Notes on Intern Work

Published: June 17, 2025

https://www.coursera.org/learn/build-a-computer

llvm::outs()«“retIsF16”«retIsF16«“\n”;

ttir -> ttgir

layout 转换的函数

MLIR_ENABLE_DUMP = 1

TODO list for this week:

看 triton python tutorials 怎么用的
看一下 gluon 到底是干什么的，里面有没有 linear 或者 blocked layouts；如果有 blocked layouts，看看能否转换为 linear
emitIndices 函数是与 layout 转换相关的，研究一下里面的细节（https://github.com/triton-lang/triton/blob/main/lib/Conversion/TritonGPUToLLVM/Utility.cpp#L310）
学会使用 llvm::outs() 打印调试信息
学会使用 MLIR_ENABLE_DUMP = 1 来看下 python code 是如何一步步转换为 IR 的，里面是怎么用 layout 的（在哪一个层次，可能是 ttir -> ttgir 层次？）

Decorator:

add_kernel = triton.jit(add_kernel) # of type JITFunction[type(add_kernel)]
add_kernel[grid](x, y, output, n_elements, BLOCK_SIZE=1024)
# equivalent to triton.jit(add_kernel)[grid](x, y, output, n_elements, BLOCK_SIZE=1024)

JITFunction has implemented its __getitem__ method, such that triton.jit(add_kernel)[grid] is equivalent to triton.jit(add_kernel).__getitem__(grid).

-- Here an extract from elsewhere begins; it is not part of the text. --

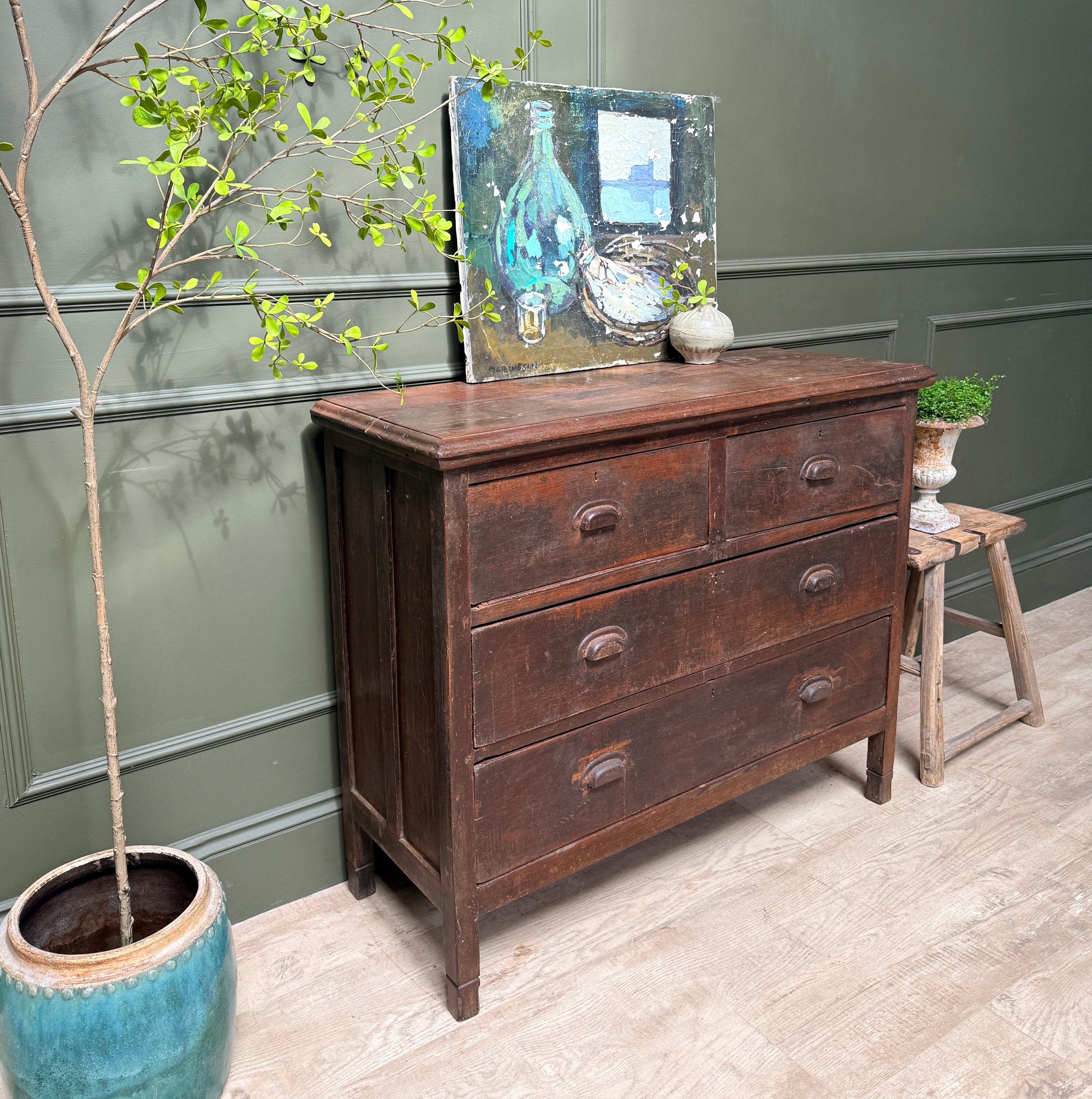 Antique Dark wood chest of drawers | Isobel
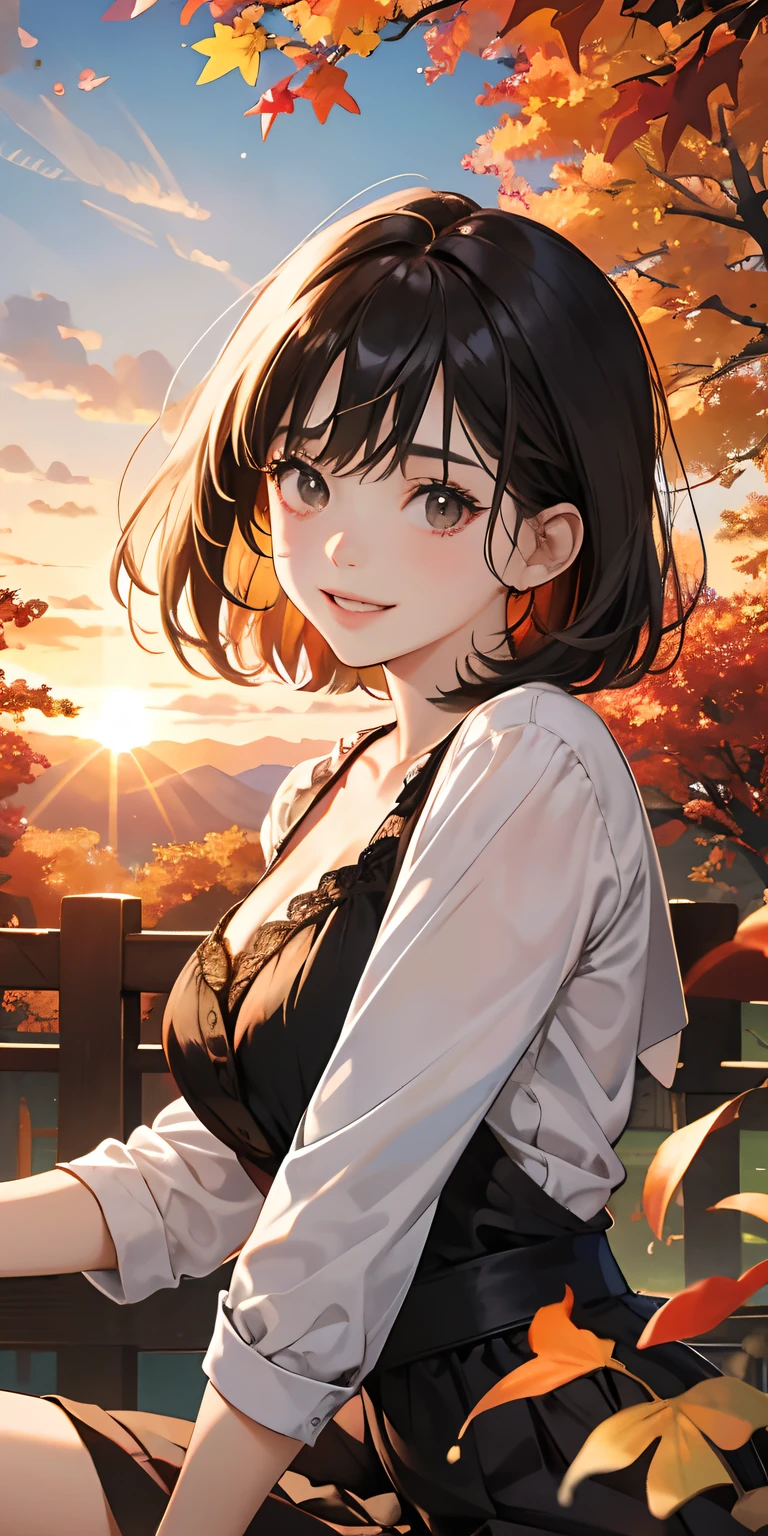 realisticlying、 female child、Outdoohion、Gingko tree、Beautiful autumn leaves、Slightly larger breasts with an emphasis on cleavage、Versatile sexy poses、The sky turns red at sunset、Face smile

class KernelInterface(Generic[T]):
    run: T

    def __getitem__(self, grid) -> T:
        """
        A JIT function is launched with: fn[grid](*args, **kwargs).
        Hence JITFunction.__getitem__ returns a callable proxy that
        memorizes the grid.
        """
        return lambda *args, **kwargs: self.run(grid=grid, warmup=False, *args, **kwargs)

class JITFunction(KernelInterface[T]): ...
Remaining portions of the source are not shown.